Clinton, you seem to have forgotten, unleashed a barage of bills giving him much greater authority. Wiretapping, surveillance, loosening of warrant searches, etc. There was a massive law enforcement effort to infiltrate and even pretty much destroy the militia movement in America, whether they were connected to McVeigh or not. I remember this well, partially because of an odd coincidence that involved me in one of the militia crackdowns, and also because there was an outcry from both liberals and extreme righties about Clinton's power grab, and his violations of our rights. There was also a lot of talk and fear about suitcase nukes, dirty bombs, chemical attacks, and all of that. One of the most annoying memory lapses amongst conservatives to me is that the same people who claimed Clinton was overreacting to OKC and the first WTC attack back then are now claiming Clinton didn't do enough to fight terrorism. They were the ones opposing everything he did.

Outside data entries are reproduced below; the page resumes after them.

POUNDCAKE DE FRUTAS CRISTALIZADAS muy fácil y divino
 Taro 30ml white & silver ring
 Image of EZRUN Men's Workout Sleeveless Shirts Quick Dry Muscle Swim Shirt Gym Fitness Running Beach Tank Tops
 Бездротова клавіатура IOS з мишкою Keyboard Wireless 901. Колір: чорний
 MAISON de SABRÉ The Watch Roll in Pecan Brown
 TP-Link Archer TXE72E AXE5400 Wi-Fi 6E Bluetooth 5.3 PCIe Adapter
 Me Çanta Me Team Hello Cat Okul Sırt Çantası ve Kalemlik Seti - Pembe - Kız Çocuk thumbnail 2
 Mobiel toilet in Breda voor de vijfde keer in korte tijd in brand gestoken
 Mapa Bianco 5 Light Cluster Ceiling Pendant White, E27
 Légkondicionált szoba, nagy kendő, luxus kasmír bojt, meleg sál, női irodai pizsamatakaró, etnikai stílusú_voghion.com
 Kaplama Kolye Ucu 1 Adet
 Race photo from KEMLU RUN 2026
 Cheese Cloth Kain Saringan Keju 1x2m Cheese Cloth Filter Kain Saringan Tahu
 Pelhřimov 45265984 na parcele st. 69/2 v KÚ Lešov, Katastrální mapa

Clinton's reaction wasn't as extreme as Bush's, and obviously Bush slipped a lot of other crap into the Patriot Act and into our military reaction (Iraq, for instance) that wasn't related to 9-11. But the event wasn't as extreme. At worst, after OKC, we were facing a network of militias making bombs out of fertilizer and maybe improvising other weapons (remember the tags they wanted to put in fertilizer after that?). With 9-11, at worst there was fear of foreign nations supporting the terrorists, with the possibility of massive funding, nukes, chemical weapons, etc.
And there's just the issue of scale. If you go out for a hike and get attacked by a dog, you may bring a big stick with you the next time. If you get attacked by a bear, next time you will bring a firearm, hopefully an automatic with the power to stop a bear. The attack on 9-11 showed Americans who had not considered it yet what all was possible.
Anyway, that's the summary. I think you are understating our response to OKC, and I don't think the two reactions were that different, except in scale. But the events were equally disproportionate. I'm not trying to say our response to 9-11 was proportionate--although I think at first most Americans tried to make it so. I'm just saying... well, what I said.